Observation and Information Theory

Observation requires a transfer of energy between the observer and that which is observed. In our example, the photon from the sun gives energy to the electron in Felipe’s retina. One way to think about the term “observer” is that the interaction is called observation because it is the moment at which the photon becomes observable. At this moment, it has created a physical change in our universe. In this way, it is observed and recorded in the history of our universe. An information theorist would say that the photon has created information.

Must the observer be conscious?

The use of the term “observer” in quantum physics can be confusing. It seems to imply it’s a human being or maybe a particularly astute cat. In the 1920’s and 30’s, pioneering quantum physicists like John Von Neumann and Eugene Wigner postulated that human consciousness collapses the wave function. But, today, most physicists reject this idea.

Consciousness, however, may play another role in quantum mechanics. Recently, physicists and philosophers have proposed that our universe is a simulation. This is the idea that we’re living in a virtual reality very much like characters in a video game.
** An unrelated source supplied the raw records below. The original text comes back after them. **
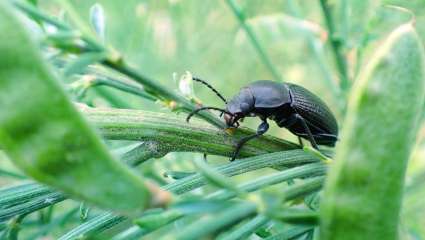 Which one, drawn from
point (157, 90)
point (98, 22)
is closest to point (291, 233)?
point (157, 90)

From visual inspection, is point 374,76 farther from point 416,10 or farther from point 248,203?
point 416,10

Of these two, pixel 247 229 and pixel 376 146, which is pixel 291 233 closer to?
pixel 247 229

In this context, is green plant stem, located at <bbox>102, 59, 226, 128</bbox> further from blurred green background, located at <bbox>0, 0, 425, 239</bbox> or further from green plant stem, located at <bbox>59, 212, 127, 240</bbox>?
blurred green background, located at <bbox>0, 0, 425, 239</bbox>

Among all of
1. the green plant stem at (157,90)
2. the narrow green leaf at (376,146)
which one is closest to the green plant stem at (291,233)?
the green plant stem at (157,90)

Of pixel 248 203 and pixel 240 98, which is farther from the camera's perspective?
pixel 240 98

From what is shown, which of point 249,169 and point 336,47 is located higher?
point 336,47

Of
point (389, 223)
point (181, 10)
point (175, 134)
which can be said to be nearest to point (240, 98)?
point (175, 134) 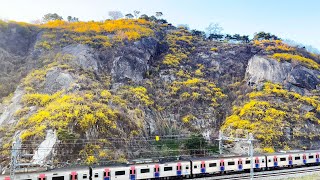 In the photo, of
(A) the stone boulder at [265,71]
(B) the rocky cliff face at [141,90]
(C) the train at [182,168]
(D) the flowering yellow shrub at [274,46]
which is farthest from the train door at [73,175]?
(D) the flowering yellow shrub at [274,46]

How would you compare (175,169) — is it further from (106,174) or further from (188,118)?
(188,118)

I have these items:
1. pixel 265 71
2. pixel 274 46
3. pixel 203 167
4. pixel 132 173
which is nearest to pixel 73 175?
pixel 132 173

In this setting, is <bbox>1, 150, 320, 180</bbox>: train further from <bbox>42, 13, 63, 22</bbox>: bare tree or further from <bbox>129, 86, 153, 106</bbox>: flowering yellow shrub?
<bbox>42, 13, 63, 22</bbox>: bare tree

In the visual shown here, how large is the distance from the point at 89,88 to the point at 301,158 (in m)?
37.9

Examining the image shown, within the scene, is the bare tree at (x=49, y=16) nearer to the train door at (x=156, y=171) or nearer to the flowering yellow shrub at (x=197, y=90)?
the flowering yellow shrub at (x=197, y=90)

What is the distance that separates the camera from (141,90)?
6006 cm

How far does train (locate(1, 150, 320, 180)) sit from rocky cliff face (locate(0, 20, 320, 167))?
9107 millimetres

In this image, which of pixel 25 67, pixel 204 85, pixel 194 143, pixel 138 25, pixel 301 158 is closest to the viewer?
pixel 301 158

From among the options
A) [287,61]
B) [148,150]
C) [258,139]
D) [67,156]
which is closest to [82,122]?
[67,156]

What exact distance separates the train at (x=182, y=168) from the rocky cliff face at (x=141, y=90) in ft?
29.9

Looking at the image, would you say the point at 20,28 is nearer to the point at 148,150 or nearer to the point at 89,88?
the point at 89,88

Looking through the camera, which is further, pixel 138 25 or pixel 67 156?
pixel 138 25

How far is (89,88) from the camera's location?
53.0m

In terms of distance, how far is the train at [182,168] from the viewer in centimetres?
2753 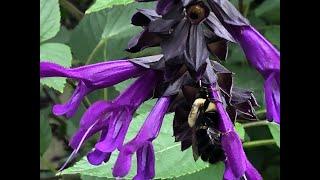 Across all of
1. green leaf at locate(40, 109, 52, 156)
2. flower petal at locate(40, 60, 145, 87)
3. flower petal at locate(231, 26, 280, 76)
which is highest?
flower petal at locate(231, 26, 280, 76)

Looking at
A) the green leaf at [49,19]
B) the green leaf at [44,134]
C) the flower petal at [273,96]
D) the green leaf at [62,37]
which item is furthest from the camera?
the green leaf at [62,37]

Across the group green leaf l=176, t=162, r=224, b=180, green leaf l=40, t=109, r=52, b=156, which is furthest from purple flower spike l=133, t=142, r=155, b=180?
green leaf l=40, t=109, r=52, b=156

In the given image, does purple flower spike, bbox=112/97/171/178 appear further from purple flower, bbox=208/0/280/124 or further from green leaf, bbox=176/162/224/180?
green leaf, bbox=176/162/224/180

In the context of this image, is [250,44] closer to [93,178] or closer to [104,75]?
[104,75]

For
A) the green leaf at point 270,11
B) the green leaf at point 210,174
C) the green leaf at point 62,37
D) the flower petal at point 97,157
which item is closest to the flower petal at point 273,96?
the flower petal at point 97,157

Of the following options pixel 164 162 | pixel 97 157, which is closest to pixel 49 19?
pixel 164 162

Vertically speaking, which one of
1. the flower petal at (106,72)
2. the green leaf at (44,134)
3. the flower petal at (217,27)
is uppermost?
the flower petal at (217,27)

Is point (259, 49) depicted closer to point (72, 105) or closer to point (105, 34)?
point (72, 105)

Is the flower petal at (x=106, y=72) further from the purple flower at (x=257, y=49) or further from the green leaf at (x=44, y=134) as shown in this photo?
the green leaf at (x=44, y=134) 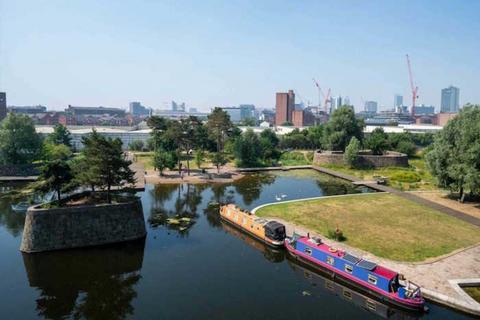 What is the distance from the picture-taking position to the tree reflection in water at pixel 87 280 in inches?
946

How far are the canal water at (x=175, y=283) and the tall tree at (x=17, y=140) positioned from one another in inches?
1245

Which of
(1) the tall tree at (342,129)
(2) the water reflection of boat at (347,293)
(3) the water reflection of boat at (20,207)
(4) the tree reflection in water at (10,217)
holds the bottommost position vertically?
(2) the water reflection of boat at (347,293)

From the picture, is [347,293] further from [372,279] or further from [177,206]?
[177,206]

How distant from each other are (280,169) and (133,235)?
163 ft

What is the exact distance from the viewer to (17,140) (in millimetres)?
67500

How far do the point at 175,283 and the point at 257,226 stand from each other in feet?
40.8

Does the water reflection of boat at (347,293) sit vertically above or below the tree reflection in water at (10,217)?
below

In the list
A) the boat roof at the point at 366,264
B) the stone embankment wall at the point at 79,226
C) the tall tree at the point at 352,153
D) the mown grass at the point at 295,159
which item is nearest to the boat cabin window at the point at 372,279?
the boat roof at the point at 366,264

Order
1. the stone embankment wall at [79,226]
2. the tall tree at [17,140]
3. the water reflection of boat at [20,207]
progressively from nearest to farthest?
the stone embankment wall at [79,226] → the water reflection of boat at [20,207] → the tall tree at [17,140]

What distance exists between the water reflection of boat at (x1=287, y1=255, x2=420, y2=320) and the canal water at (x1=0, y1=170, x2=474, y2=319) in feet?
0.24

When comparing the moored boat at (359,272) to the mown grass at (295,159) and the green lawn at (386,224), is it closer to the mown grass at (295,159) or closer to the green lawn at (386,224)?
the green lawn at (386,224)

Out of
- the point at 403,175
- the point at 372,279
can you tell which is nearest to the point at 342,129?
the point at 403,175

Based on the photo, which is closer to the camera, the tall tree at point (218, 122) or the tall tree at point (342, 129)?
the tall tree at point (218, 122)

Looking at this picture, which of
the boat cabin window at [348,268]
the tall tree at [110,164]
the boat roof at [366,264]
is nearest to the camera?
the boat roof at [366,264] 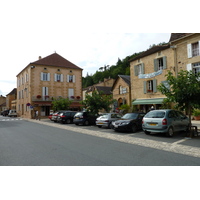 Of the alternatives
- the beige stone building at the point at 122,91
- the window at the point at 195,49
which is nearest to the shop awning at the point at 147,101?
the beige stone building at the point at 122,91

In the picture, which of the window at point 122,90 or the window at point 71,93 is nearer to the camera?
the window at point 122,90

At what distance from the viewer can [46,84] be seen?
3362 cm

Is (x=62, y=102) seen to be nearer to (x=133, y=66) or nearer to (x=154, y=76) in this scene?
(x=133, y=66)

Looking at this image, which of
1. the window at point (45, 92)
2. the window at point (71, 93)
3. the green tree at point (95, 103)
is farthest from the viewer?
the window at point (71, 93)

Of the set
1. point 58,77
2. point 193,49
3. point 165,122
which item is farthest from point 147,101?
point 58,77

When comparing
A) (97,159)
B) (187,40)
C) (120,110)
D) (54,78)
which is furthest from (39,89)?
(97,159)

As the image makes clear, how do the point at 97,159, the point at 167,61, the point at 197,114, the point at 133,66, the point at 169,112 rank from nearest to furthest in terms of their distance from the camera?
the point at 97,159 < the point at 169,112 < the point at 197,114 < the point at 167,61 < the point at 133,66

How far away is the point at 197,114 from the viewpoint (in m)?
17.1

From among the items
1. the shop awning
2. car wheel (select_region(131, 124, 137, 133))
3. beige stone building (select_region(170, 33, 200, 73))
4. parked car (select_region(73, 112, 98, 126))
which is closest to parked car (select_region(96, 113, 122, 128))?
parked car (select_region(73, 112, 98, 126))

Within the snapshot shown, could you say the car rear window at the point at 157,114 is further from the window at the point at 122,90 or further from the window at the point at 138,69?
the window at the point at 122,90

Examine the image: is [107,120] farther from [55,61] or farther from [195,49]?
[55,61]

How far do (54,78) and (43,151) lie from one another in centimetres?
2967

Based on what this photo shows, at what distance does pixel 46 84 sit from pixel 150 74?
2036cm

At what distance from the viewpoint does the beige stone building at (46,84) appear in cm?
3209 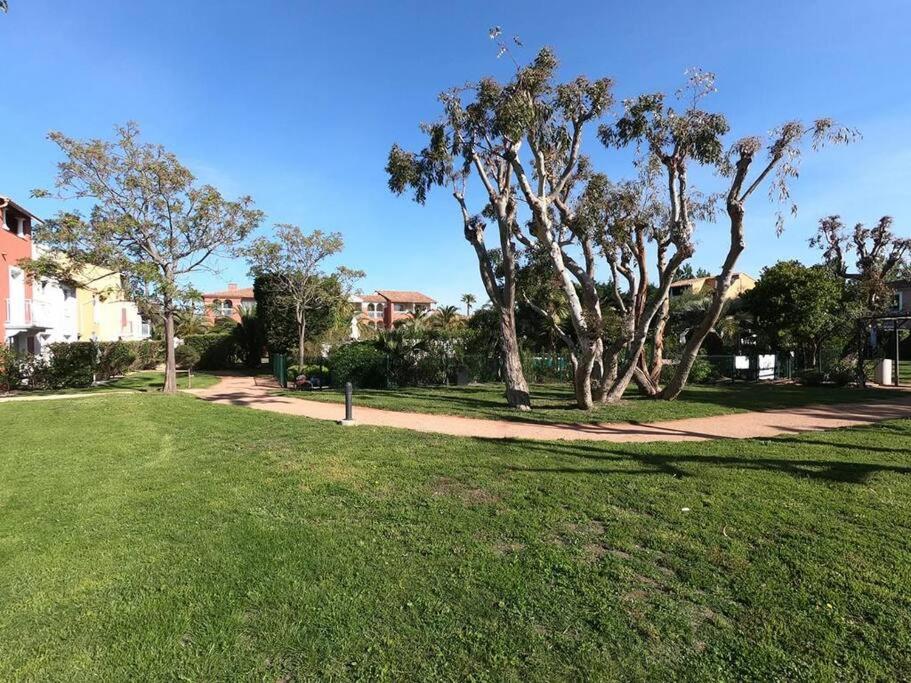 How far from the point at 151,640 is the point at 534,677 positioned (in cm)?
207

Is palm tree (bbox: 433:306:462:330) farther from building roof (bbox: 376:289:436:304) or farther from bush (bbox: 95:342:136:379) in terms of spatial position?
building roof (bbox: 376:289:436:304)

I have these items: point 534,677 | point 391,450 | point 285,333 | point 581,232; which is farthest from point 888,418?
point 285,333

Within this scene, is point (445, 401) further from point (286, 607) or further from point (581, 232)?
point (286, 607)

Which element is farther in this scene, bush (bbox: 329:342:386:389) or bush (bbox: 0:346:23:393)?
bush (bbox: 329:342:386:389)

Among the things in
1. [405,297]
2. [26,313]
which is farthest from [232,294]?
[26,313]

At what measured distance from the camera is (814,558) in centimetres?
379

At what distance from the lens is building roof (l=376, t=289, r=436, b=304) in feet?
242

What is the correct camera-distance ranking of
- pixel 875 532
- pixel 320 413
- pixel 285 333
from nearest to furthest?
pixel 875 532 < pixel 320 413 < pixel 285 333

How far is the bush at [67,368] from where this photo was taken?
20188mm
One version of this idea, proposed by philosopher, Nick Bostrom, is that we’re living in a computer simulation created by an advanced race of beings.

Another version of the simulation hypothesis, however, harkens back to an ancient Buddhist idea: Our physical universe is dream, a highly-lawful dream. (See, for example, the interviews and writings of cognitive psychologist, Donald Hoffman and of quantum physicist, Henry Stapp). In an updated version of the Buddhist idea, life is like a video game, a virtual reality. It runs in accordance with mathematical equations and is possibly fed data by the players of the game. In this view, the equations are fleshed out into an experiential reality by our consciousness. The virtual reality runs like a movie, a highly organized dream, in the mind. Possibly, it’s running in one all-encompassing mind that all of us players are plugged into.

How does this version of the simulation hypothesis relate to quantum mechanics? Quantum mechanics is a set of equations which underlies physical reality. How do we get from equations to the physical reality that we experience? Stephen Hawking asked the question this way: “What is it that breathes fire into the equations...?” One possible answer is consciousness.

Not all interactions result in observation. 

Not all interactions represent an observation and the creation of information. The observer must exchange energy with a particle for an observation to occur. Here’s an example of an interaction where there is no exchange of energy: when particles entangle with each other. The particles do not act as observers for each other. Instead, they retain their wavy quantum state. Later, however, if one of the particles is observed, it adopts properties in physical reality.

For example, consider an entangled pair of photons that are created when an ion passes through a crystal. The ion passes through the crystal and out shoot two photons. They were created at the same moment in spacetime. This causes them to be entangled. But they exist in the wavy quantum state. Then, one of the photons hits a detector screen in a physics lab. It energizes an electron in the screen. An observation has occurred—the screen is the observer. At the moment of observation, the photon takes on a particular direction of polarization. Should its entangled partner be detected and its polarization measured, it will be found to have a correlated polarization. This is the meaning of “entanglement”; the properties of the two particles are correlated despite any distance between them.

Any physical object can be an observer.  

Of course, the observer needn’t be a particle in a detector screen or even the retina of a human eye. Any particle—any atom, subatomic particle, or molecule—can act as an observer. So long as the observer interacts energetically with a particle, the particle loses its wavy quantum state and transforms into a particle. This is an observation (measurement).